* _WORK INSTRUCTIONS_
Using the data below, tally the lines that include the string "image". Only the number is wanted.

* _INPUT DATA_
══════

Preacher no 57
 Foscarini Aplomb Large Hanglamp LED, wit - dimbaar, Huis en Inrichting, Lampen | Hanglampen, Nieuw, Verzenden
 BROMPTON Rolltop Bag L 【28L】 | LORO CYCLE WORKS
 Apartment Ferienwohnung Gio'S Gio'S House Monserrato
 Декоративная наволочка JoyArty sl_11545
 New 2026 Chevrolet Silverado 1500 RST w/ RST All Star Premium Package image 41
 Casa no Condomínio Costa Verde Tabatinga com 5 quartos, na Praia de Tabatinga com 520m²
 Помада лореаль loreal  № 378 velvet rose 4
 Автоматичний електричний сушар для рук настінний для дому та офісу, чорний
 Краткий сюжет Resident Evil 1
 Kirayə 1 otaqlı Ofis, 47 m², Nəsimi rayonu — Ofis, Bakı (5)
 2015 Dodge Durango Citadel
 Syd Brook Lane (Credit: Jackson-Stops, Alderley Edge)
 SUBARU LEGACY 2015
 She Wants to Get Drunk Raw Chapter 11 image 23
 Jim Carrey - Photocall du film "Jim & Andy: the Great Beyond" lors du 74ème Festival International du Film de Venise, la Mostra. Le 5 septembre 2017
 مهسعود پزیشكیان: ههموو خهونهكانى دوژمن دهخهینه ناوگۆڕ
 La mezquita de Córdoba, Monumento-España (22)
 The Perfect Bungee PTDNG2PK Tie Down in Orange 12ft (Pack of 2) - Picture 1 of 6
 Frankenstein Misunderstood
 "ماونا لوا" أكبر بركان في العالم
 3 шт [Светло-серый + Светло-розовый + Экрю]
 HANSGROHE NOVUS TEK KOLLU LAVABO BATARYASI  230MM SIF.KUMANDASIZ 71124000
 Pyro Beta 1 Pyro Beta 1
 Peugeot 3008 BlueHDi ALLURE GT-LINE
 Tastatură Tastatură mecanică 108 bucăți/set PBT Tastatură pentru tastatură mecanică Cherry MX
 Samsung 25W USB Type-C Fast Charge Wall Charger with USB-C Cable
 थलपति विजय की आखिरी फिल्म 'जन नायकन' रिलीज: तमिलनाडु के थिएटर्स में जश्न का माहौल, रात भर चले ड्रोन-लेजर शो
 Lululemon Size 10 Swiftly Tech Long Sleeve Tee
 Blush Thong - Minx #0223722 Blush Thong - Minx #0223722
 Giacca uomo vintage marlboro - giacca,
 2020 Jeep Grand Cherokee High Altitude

══════

* _RESPONSE BELOW_
2